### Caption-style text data
__________________________________________________

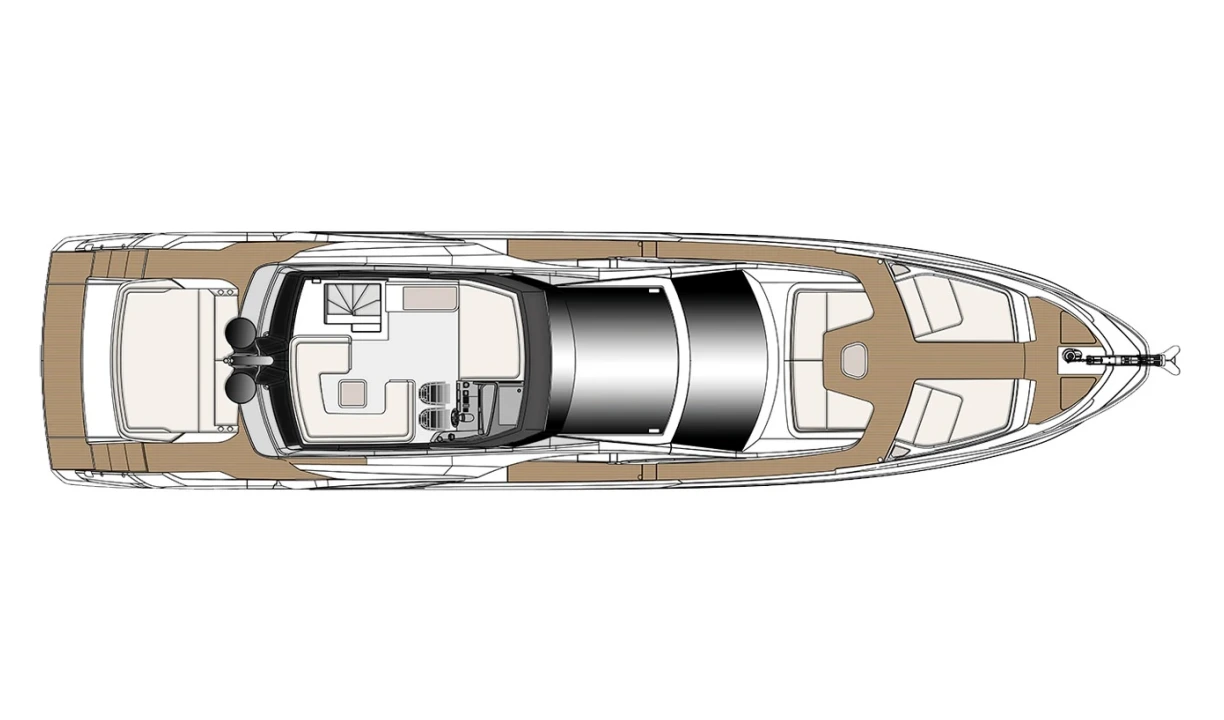 Azimut Grande S8-IPS-1350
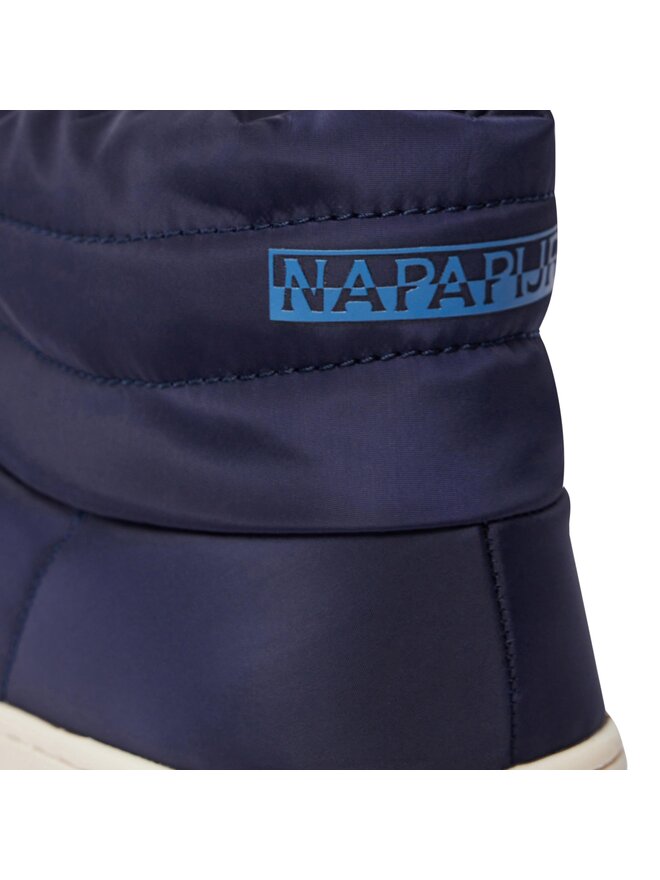 Napapijri Botas de nieve Napapijri River08 NP0A4HVV Azul marino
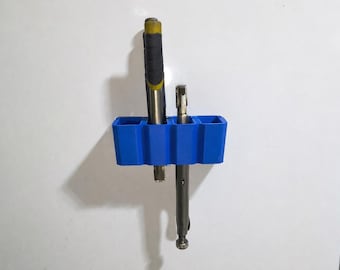 Magnetic Plier Organizer Holder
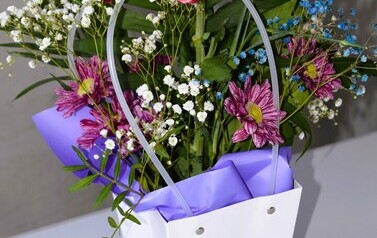 Warsztaty florystyczne w Ryczywole- 13.06.2026 r. 18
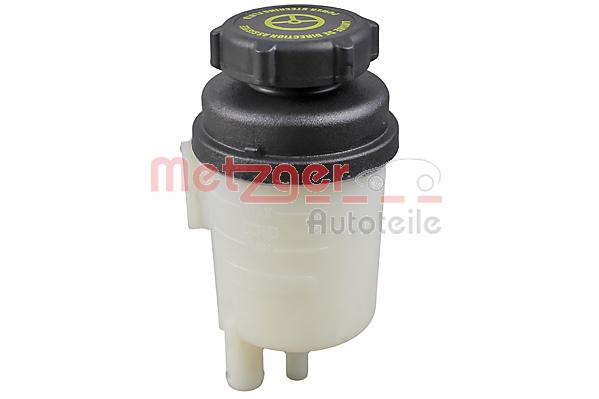 Oliereservoir servo Metzger 2140299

__________________________________________________

### Exercise
Only the lines from the one containing "Napapijri Botas de" through the last line of the entries above, both included, belong in the answer, written out exactly; pictures do not.

### Solution to this task
 Napapijri Botas de nieve Napapijri River08 NP0A4HVV Azul marino
 Magnetic Plier Organizer Holder
 Warsztaty florystyczne w Ryczywole- 13.06.2026 r. 18
 Oliereservoir servo Metzger 2140299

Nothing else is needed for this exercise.